• [What to produce]
In full and unchanged, set down the entries that follow, with no images.

• [Material for this task]
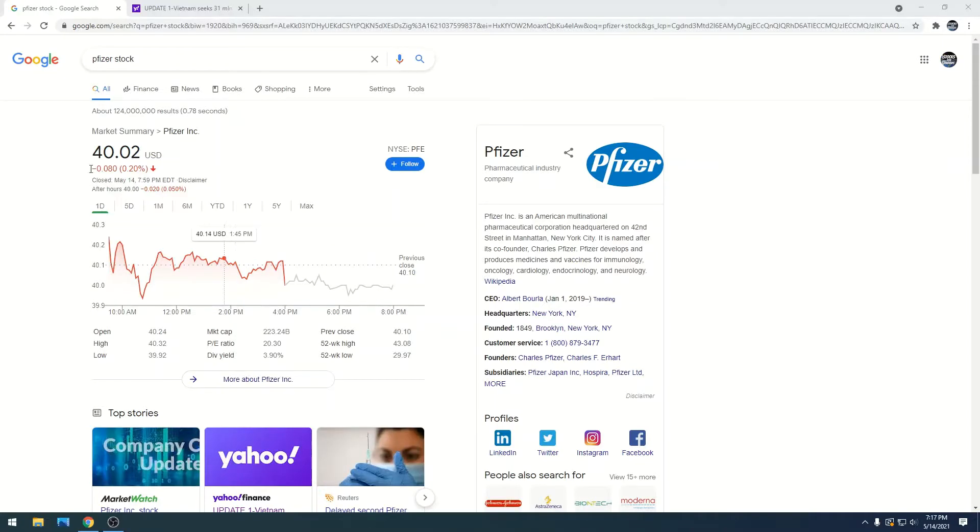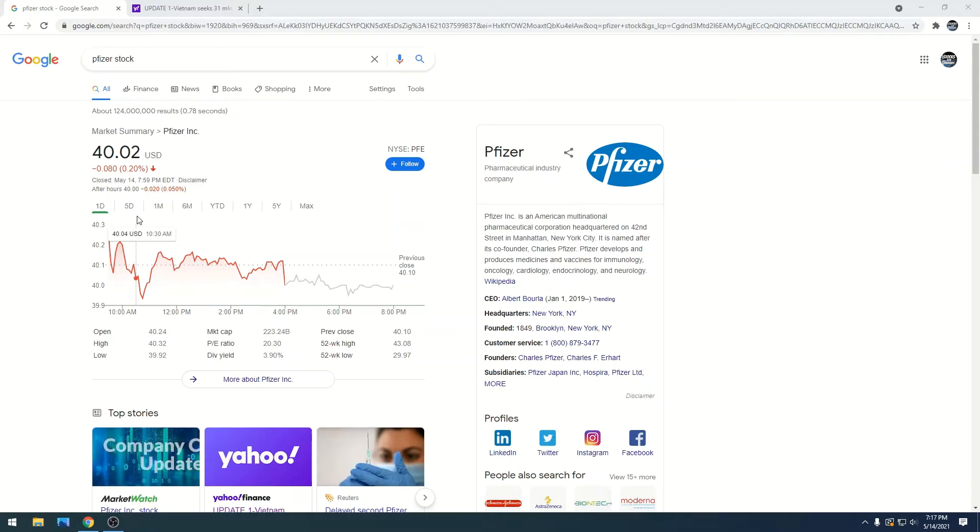Alright, Pfizer stock is at $40.02 with a market cap of $223.24 billion. We keep creeping up, finally hitting back in the $40 range, and I'm hoping we're going to keep going up.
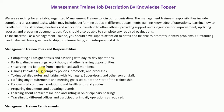As a management trainee, your roles and responsibilities include: completing all assigned tasks and assisting with day-to-day operations; participating in meetings, workshops, and other learning opportunities; observing and learning from experienced staff; gaining knowledge of company policies, protocols, and processes; taking detailed notes and liaising with managers, supervisors, and senior staff; fulfilling requirements and meeting goals set at the start of the traineeship; following all company regulations and health and safety codes; preparing documents and updating records; learning about conflict resolution and sitting in on disciplinary hearings; and traveling to different offices and participating in daily operations as required.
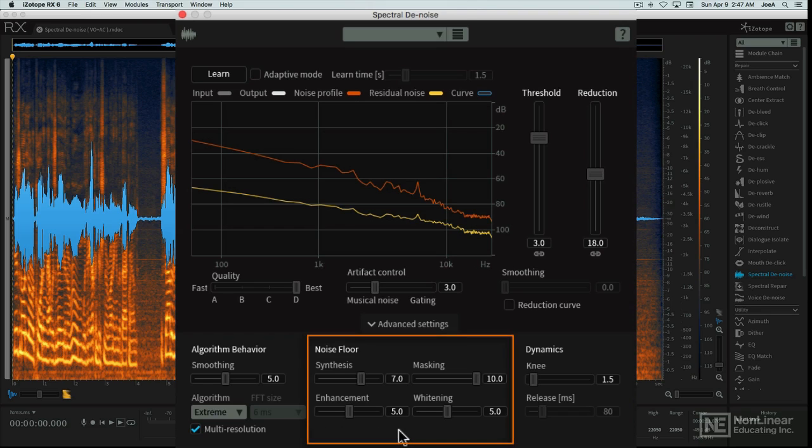Under Noise Floor, you have four controls that can subtly shape the sound of the processed audio, again reducing artifacts, especially subtle high frequency loss.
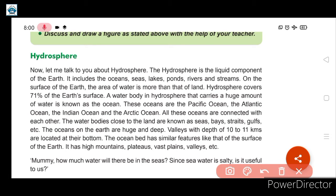The hydrosphere includes oceans, seas, lakes, ponds, rivers and streams. These are the water bodies that come under the hydrosphere.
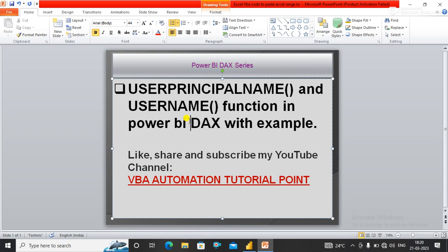In this video we will talk about the USERPRINCIPALNAME() and USERNAME() functions in Power BI DAX with examples. First, let's understand within Power BI Desktop what USERNAME() is. USERNAME() basically will return a user in the format of...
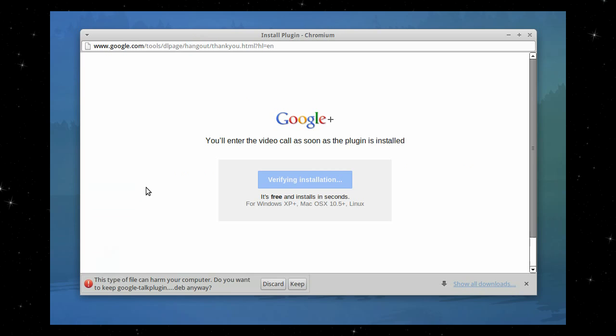And because I need to download it, I click on keep. So Google plugin here, keep.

• [Answer for the task]
Alright, Pfizer stock is at $40.02 with a market cap of $223.24 billion. We keep creeping up, finally hitting back in the $40 range, and I'm hoping we're going to keep going up.
As a management trainee, your roles and responsibilities include: completing all assigned tasks and assisting with day-to-day operations; participating in meetings, workshops, and other learning opportunities; observing and learning from experienced staff; gaining knowledge of company policies, protocols, and processes; taking detailed notes and liaising with managers, supervisors, and senior staff; fulfilling requirements and meeting goals set at the start of the traineeship; following all company regulations and health and safety codes; preparing documents and updating records; learning about conflict resolution and sitting in on disciplinary hearings; and traveling to different offices and participating in daily operations as required.
Under Noise Floor, you have four controls that can subtly shape the sound of the processed audio, again reducing artifacts, especially subtle high frequency loss.
The hydrosphere includes oceans, seas, lakes, ponds, rivers and streams. These are the water bodies that come under the hydrosphere.
In this video we will talk about the USERPRINCIPALNAME() and USERNAME() functions in Power BI DAX with examples. First, let's understand within Power BI Desktop what USERNAME() is. USERNAME() basically will return a user in the format of...
And because I need to download it, I click on keep. So Google plugin here, keep.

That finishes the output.